Esse receio manifestado por Faria é classificado pela psicóloga Bianca Lima como um exemplo típico de capacitismo – um tipo de preconceito social contra indivíduos com alguma condição atípica, reduzindo essas pessoas ao diagnóstico delas. “Um profissional com TDAH pode ser subestimado em suas funções ou ocupar cargos menos competitivos, por ser visto como menos capaz”, expõe. “É necessário entender, portanto, que as pessoas com este ou com outros transtornos mentais, assim como quaisquer outras, podem, ou melhor, devem participar ativamente na sociedade, pois não é preciso se enquadrar em padrão para que isso aconteça”, crava, ponderando ser importante que sejam feitas adaptações e que sejam reconhecidas as necessidades de cada um.
Bianca lembra que os sintomas do TDAH podem ser percebidos também na fase adulta, apesar de este ser um transtorno do desenvolvimento e, portanto, ter suas características manifestadas precocemente, já na infância.
“A dificuldade de se manter concentrado em tarefas longas e repetitivas ainda é comum na maioria dos casos. Entretanto, a hiperatividade motora, muitas vezes percebida nas fases iniciais da vida, pode dar lugar a inquietudes de pensamentos que afetam o planejamento de tarefas básicas do dia a dia e comumente levam ao esquecimento de compromissos e datas importantes”, expõe a psicóloga.
Ela acrescenta ser habitual, também, que essas pessoas tenham dificuldade de se apresentarem no horário, devido à dificuldade para estimar o tempo. “Outra característica muito apontada pelos pacientes é a procrastinação, que diz respeito à dificuldade de iniciar tarefas, mesmo que necessárias. Assim como concluí-las, uma vez que podem se sentir entediados com a rotina e buscar constantemente por novidades”, destaca a autora do livro “É TDAH? E agora?”.
“Há ainda aqueles que apresentam características mais impulsivas, que podem apresentar queixas relacionadas a gastos desnecessários, como compras indevidas, uso compulsivo de redes sociais, álcool ou mesmo comportamentos de risco”, informa Bianca, lembrando que, infelizmente, esse conjunto de dificuldades costuma afetar a vida pessoal, como os relacionamentos afetivos, a vida profissional e o convívio com os amigos. “Muitas vezes, essas pessoas são julgadas pelos colegas de trabalho, amigos e familiares, como se fossem preguiçosas, desleixadas e descompromissadas, por exemplo”, lamenta.

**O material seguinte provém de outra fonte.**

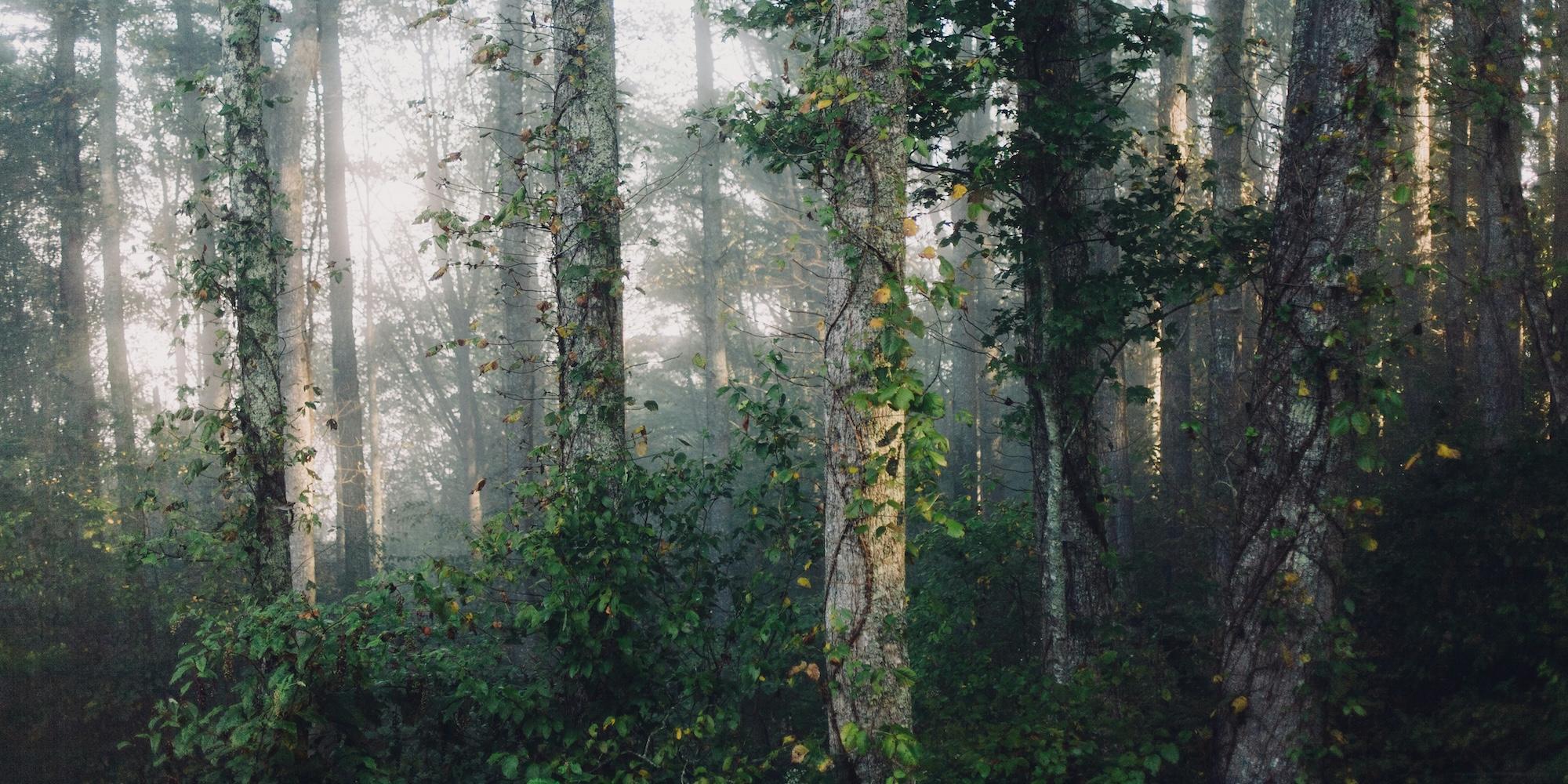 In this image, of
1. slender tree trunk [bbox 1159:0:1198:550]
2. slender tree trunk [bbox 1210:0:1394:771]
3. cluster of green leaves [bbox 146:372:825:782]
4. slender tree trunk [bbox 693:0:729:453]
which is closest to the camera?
cluster of green leaves [bbox 146:372:825:782]

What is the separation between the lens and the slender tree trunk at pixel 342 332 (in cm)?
1783

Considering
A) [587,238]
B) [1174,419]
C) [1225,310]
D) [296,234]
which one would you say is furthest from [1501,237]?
[296,234]

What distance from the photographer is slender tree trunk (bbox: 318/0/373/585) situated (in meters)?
17.8

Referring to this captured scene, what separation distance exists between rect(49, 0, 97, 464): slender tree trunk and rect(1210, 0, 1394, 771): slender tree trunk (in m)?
19.5

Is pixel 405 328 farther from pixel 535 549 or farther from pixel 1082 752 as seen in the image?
pixel 1082 752

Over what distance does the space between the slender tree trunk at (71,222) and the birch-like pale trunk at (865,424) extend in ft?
58.6

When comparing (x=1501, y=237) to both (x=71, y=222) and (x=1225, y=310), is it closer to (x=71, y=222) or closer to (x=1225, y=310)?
(x=1225, y=310)

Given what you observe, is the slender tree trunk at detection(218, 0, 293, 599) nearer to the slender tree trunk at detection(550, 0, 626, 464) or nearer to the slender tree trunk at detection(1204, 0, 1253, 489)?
the slender tree trunk at detection(550, 0, 626, 464)

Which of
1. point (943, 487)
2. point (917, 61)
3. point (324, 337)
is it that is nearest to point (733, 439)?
point (943, 487)

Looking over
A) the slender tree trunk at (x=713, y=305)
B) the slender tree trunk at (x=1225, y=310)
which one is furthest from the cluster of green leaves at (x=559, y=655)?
the slender tree trunk at (x=713, y=305)

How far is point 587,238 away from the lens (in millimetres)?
7445

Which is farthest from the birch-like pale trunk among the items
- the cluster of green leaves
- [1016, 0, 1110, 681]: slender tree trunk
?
[1016, 0, 1110, 681]: slender tree trunk

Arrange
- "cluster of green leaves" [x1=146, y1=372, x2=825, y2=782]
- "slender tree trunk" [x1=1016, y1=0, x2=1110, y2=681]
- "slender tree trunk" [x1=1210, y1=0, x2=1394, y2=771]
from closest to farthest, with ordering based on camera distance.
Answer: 1. "cluster of green leaves" [x1=146, y1=372, x2=825, y2=782]
2. "slender tree trunk" [x1=1210, y1=0, x2=1394, y2=771]
3. "slender tree trunk" [x1=1016, y1=0, x2=1110, y2=681]

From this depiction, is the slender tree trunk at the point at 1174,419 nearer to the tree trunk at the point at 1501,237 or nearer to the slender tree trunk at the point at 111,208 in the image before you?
the tree trunk at the point at 1501,237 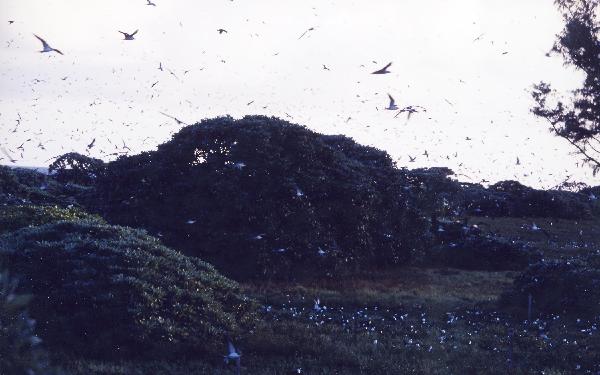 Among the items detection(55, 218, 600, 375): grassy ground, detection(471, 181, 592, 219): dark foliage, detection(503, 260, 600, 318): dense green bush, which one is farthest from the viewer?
detection(471, 181, 592, 219): dark foliage

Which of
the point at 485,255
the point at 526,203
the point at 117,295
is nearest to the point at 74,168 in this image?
the point at 485,255

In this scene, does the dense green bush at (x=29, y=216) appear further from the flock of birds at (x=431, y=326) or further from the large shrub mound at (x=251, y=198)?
the flock of birds at (x=431, y=326)

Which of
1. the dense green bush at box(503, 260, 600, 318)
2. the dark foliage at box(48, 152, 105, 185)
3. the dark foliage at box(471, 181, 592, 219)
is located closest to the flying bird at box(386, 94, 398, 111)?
the dense green bush at box(503, 260, 600, 318)

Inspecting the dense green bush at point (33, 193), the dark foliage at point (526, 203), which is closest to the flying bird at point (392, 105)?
the dense green bush at point (33, 193)

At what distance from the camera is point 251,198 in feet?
66.6

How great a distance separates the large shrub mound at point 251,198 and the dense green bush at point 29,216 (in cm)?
383

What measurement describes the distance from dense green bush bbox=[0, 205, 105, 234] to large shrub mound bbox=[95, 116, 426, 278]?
3.83 metres

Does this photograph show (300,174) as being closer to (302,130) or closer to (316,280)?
(302,130)

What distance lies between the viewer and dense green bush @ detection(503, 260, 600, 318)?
1542 cm

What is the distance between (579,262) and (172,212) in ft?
41.1

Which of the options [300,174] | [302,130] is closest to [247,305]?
[300,174]

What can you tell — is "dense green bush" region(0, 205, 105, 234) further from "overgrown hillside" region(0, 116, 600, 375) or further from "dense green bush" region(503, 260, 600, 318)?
"dense green bush" region(503, 260, 600, 318)

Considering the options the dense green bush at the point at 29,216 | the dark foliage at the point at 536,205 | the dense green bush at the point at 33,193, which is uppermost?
the dark foliage at the point at 536,205

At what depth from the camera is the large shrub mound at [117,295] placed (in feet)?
35.1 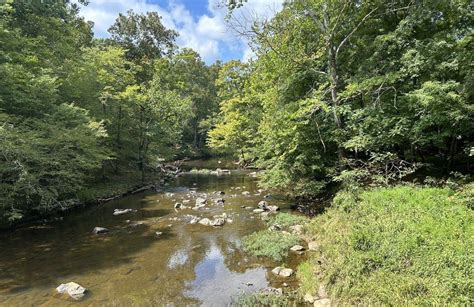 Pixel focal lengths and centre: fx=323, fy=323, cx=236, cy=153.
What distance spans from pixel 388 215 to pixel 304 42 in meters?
10.9

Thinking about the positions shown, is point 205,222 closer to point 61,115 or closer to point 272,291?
point 272,291

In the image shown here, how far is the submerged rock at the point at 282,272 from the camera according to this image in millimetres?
9199

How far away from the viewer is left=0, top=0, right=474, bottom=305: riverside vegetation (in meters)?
6.95

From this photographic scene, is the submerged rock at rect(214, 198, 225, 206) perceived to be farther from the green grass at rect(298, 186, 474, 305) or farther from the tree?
the tree

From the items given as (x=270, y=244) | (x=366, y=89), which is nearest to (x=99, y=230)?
(x=270, y=244)

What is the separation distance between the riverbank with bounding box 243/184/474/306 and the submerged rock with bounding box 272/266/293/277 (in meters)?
0.28

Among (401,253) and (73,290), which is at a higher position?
(401,253)

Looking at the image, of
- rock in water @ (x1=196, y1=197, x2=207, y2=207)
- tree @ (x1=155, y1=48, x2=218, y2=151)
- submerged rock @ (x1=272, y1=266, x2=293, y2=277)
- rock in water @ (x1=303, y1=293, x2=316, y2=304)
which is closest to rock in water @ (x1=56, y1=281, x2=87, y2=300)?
submerged rock @ (x1=272, y1=266, x2=293, y2=277)

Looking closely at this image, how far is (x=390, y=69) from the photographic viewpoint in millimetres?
13328

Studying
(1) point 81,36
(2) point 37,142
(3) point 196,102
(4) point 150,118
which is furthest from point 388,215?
(3) point 196,102

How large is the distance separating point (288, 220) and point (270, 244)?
2867 mm

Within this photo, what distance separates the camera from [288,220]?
1376 centimetres

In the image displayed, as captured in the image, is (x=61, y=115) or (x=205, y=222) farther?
(x=61, y=115)

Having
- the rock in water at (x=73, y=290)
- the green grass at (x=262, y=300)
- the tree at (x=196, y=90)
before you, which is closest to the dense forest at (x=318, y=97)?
the rock in water at (x=73, y=290) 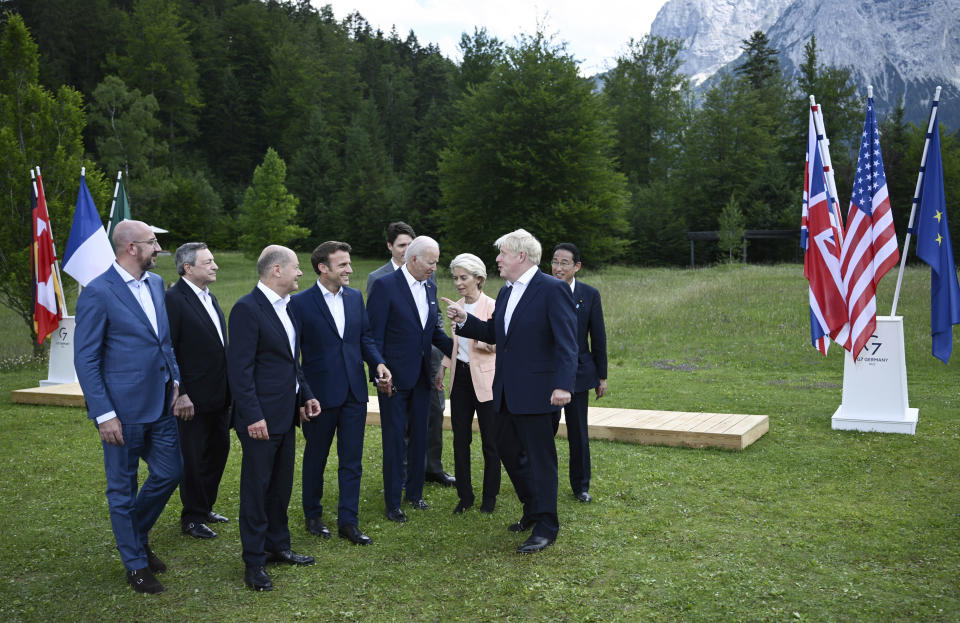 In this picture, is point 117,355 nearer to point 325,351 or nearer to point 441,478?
point 325,351

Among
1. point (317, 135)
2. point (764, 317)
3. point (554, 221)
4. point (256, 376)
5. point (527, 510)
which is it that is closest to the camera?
point (256, 376)

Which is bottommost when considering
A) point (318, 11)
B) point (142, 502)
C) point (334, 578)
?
point (334, 578)

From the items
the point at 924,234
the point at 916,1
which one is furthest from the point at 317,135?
the point at 916,1

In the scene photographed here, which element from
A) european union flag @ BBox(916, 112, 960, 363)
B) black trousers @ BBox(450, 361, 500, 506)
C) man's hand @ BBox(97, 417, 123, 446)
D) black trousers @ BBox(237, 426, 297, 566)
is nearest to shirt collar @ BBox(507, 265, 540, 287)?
black trousers @ BBox(450, 361, 500, 506)

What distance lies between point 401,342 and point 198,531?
2.06 m

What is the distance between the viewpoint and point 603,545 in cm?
528

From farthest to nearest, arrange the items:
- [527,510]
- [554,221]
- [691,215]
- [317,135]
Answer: [317,135], [691,215], [554,221], [527,510]

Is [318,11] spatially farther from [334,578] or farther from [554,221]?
[334,578]

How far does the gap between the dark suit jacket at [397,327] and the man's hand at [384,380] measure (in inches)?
6.3

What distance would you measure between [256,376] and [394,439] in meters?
1.52

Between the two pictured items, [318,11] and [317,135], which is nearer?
[317,135]

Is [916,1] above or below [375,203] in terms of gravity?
above

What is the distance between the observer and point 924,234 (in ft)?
29.0

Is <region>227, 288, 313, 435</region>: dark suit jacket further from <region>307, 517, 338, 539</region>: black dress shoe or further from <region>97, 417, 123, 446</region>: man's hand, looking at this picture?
<region>307, 517, 338, 539</region>: black dress shoe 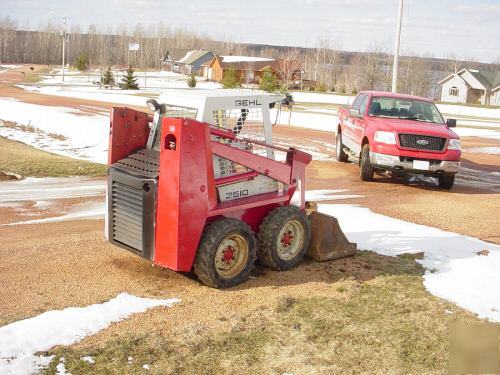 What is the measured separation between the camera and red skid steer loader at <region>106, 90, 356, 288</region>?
6.05 meters

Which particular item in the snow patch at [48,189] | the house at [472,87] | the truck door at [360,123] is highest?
the house at [472,87]

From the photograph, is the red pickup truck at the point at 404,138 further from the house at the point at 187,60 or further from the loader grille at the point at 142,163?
the house at the point at 187,60

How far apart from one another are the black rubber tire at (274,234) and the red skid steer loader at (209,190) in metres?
0.01

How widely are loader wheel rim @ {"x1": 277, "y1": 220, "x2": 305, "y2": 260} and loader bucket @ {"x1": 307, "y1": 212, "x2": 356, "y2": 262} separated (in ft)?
1.17

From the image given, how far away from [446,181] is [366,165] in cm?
184

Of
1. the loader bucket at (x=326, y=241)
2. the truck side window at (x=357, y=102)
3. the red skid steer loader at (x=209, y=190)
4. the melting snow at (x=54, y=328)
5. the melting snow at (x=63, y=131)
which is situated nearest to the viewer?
the melting snow at (x=54, y=328)

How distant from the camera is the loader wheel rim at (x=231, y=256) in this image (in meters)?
6.45

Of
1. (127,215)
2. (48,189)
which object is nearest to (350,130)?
(48,189)

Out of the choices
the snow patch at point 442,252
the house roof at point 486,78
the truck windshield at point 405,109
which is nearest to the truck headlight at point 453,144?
the truck windshield at point 405,109

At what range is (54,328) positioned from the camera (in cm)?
530

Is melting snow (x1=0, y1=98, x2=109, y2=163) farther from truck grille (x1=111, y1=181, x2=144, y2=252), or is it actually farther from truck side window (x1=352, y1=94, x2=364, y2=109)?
truck grille (x1=111, y1=181, x2=144, y2=252)

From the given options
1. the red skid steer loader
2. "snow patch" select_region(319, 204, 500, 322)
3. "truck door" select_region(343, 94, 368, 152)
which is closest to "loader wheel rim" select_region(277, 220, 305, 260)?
the red skid steer loader

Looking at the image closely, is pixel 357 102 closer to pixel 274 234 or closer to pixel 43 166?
pixel 43 166

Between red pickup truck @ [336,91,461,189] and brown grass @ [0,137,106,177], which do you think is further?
brown grass @ [0,137,106,177] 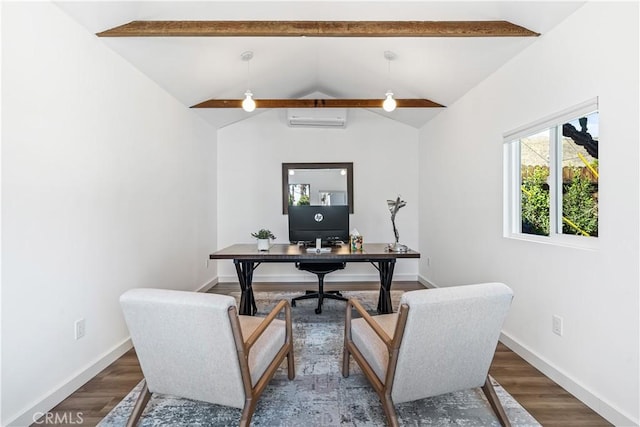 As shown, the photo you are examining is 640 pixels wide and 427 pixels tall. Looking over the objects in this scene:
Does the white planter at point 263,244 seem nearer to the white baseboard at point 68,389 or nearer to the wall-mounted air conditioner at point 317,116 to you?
the white baseboard at point 68,389

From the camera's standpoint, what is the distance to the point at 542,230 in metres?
2.51

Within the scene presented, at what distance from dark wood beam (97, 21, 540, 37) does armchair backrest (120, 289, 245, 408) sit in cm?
196

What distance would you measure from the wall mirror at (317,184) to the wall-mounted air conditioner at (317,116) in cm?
67

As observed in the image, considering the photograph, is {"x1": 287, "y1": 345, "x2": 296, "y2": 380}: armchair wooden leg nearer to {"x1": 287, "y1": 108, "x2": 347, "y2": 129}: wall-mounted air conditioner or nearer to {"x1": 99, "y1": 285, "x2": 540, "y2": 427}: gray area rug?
{"x1": 99, "y1": 285, "x2": 540, "y2": 427}: gray area rug

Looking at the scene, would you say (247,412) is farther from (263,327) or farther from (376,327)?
(376,327)

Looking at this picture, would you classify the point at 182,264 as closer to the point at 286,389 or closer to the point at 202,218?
the point at 202,218

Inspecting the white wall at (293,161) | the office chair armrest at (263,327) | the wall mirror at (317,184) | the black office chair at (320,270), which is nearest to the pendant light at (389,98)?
the white wall at (293,161)

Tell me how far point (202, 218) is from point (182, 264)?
2.87 feet

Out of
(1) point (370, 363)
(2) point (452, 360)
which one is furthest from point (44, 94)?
(2) point (452, 360)

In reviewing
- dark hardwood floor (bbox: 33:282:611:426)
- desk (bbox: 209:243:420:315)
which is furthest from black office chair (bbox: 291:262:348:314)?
dark hardwood floor (bbox: 33:282:611:426)

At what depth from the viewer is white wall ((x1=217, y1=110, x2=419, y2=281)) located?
511 cm

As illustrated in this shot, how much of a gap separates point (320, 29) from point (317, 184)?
9.32 ft

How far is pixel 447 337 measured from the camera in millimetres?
1518

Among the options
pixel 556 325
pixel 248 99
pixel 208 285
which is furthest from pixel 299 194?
pixel 556 325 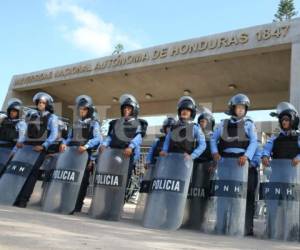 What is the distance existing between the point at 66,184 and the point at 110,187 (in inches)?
31.4

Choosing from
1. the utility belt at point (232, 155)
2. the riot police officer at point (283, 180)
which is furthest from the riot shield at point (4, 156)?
the riot police officer at point (283, 180)

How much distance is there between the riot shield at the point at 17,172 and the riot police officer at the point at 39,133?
0.06 m

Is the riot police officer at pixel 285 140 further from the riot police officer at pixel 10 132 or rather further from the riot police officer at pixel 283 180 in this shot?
the riot police officer at pixel 10 132

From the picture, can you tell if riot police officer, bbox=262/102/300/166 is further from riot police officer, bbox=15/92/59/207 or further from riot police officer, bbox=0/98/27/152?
A: riot police officer, bbox=0/98/27/152

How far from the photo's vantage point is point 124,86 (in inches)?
655

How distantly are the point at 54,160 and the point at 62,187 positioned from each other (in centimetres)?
107

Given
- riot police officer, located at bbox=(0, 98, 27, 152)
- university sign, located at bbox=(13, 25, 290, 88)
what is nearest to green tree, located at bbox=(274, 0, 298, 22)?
university sign, located at bbox=(13, 25, 290, 88)

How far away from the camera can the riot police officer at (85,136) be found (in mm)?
7191

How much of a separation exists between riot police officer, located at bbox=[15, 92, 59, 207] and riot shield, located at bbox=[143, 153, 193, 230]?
2.22 meters

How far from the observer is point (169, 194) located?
6.07m

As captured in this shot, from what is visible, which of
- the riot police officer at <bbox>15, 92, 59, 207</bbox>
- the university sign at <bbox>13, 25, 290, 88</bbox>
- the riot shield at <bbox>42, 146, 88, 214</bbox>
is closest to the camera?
the riot shield at <bbox>42, 146, 88, 214</bbox>

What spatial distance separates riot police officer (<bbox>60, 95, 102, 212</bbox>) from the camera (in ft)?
23.6

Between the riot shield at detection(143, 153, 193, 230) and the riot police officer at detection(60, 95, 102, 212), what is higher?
the riot police officer at detection(60, 95, 102, 212)

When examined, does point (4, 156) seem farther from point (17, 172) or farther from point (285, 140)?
point (285, 140) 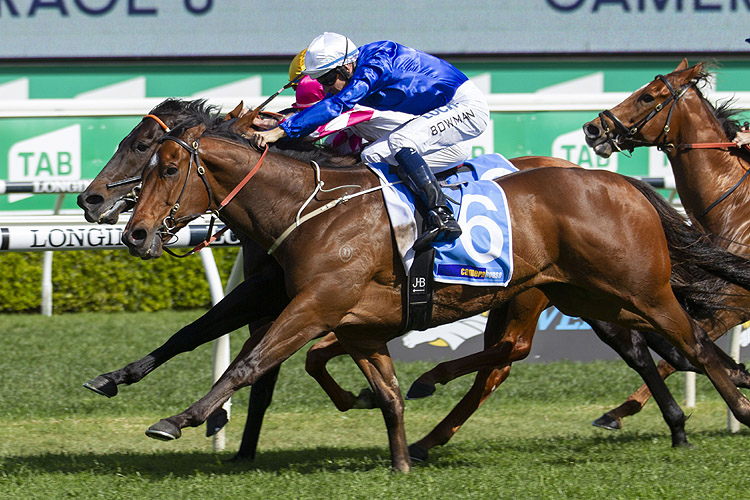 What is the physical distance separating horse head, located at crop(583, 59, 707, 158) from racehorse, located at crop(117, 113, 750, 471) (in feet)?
3.28

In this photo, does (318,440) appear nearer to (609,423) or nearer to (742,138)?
(609,423)

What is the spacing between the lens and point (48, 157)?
28.9ft

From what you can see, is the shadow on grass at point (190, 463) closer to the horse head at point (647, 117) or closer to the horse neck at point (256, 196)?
the horse neck at point (256, 196)

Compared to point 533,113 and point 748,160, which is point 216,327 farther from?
point 533,113

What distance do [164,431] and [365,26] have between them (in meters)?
9.11

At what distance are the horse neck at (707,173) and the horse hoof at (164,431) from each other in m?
2.87

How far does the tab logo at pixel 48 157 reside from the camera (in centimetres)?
873

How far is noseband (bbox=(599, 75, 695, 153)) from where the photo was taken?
553cm

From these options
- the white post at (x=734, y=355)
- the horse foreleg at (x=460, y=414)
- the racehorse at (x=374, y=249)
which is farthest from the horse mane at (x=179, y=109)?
the white post at (x=734, y=355)

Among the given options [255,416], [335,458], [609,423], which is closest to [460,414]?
[335,458]

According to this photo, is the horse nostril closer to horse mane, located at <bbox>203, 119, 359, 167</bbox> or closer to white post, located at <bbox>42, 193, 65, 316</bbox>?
horse mane, located at <bbox>203, 119, 359, 167</bbox>

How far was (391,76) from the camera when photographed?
14.6ft

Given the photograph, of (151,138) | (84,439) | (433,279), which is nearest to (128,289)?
(84,439)

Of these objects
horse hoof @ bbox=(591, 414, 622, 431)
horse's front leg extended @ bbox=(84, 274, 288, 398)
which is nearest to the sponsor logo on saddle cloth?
horse's front leg extended @ bbox=(84, 274, 288, 398) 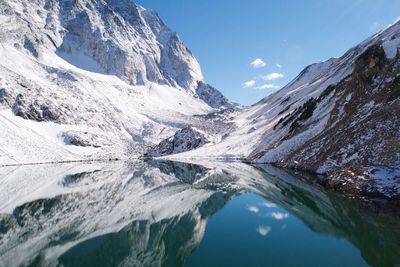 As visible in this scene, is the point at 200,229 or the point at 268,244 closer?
the point at 268,244

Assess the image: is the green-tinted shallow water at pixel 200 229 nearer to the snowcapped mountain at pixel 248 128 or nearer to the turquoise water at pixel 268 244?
the turquoise water at pixel 268 244

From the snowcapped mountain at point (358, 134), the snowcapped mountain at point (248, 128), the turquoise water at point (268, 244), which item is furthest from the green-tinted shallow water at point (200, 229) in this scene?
the snowcapped mountain at point (248, 128)

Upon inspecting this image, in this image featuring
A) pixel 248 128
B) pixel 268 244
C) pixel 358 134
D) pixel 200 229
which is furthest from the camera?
pixel 248 128

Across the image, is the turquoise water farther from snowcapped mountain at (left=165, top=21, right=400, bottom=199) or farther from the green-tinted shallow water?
snowcapped mountain at (left=165, top=21, right=400, bottom=199)

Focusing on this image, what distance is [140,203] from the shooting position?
33.8 metres

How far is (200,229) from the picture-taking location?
24031 millimetres

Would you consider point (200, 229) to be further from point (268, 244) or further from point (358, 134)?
point (358, 134)

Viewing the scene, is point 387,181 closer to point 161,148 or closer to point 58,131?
point 161,148

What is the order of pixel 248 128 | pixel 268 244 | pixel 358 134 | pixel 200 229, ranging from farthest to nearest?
1. pixel 248 128
2. pixel 358 134
3. pixel 200 229
4. pixel 268 244

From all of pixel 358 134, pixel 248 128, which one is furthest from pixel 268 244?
pixel 248 128

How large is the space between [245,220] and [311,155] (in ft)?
91.9

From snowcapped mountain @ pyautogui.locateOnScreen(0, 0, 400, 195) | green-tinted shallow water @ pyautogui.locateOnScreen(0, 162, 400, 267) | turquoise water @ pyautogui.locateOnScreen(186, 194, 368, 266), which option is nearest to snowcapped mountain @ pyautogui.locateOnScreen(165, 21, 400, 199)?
snowcapped mountain @ pyautogui.locateOnScreen(0, 0, 400, 195)

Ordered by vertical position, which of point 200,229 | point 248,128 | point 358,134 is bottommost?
point 200,229

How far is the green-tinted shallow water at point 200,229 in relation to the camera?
17.9 meters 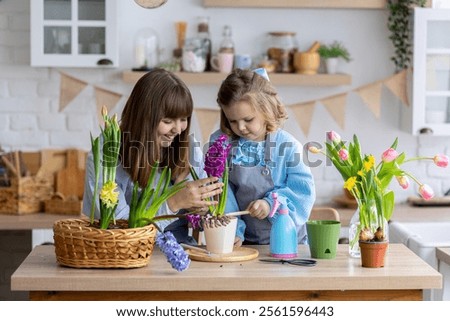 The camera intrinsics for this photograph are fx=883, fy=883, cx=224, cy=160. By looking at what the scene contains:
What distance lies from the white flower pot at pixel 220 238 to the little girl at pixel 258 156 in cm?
25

Tal percepção faz com que adultos com TDAH não diagnosticado sofram por enxergar essas dificuldades como parte de sua própria personalidade e que, por isso, tendem a deixar de buscar por uma avaliação diagnóstica, enfrentando, sozinhos, sérios problemas na autoestima e autoconfiança. Por essa razão, a psicóloga defende que o diagnóstico correto pode servir como um caminho para a autocompreensão, diminuindo o autojulgamento ao se descobrir que aquelas dificuldades têm um nome e tratamento.
Identificação. Bianca Lima explica que o diagnóstico do TDAH deve ser feito por profissionais capacitados que compreendem o transtorno, como psicólogos e neuropsicólogos, psiquiatras e neurologistas.
Tratamento. “A terapia cognitivo-comportamental é fundamental para ajudar a desfazer as crenças que já se instalaram quanto às suas habilidades e capacidades. Conhecer tudo sobre o transtorno é outra ferramenta para lidar melhor com ele”, indica a especialista. “Além disso, uma grande maioria desses pacientes precisará de um acompanhamento de psiquiatras ou neurologistas para intervenções medicamentosas para tratar tanto os sintomas do transtorno como possíveis comorbidades”, complementa.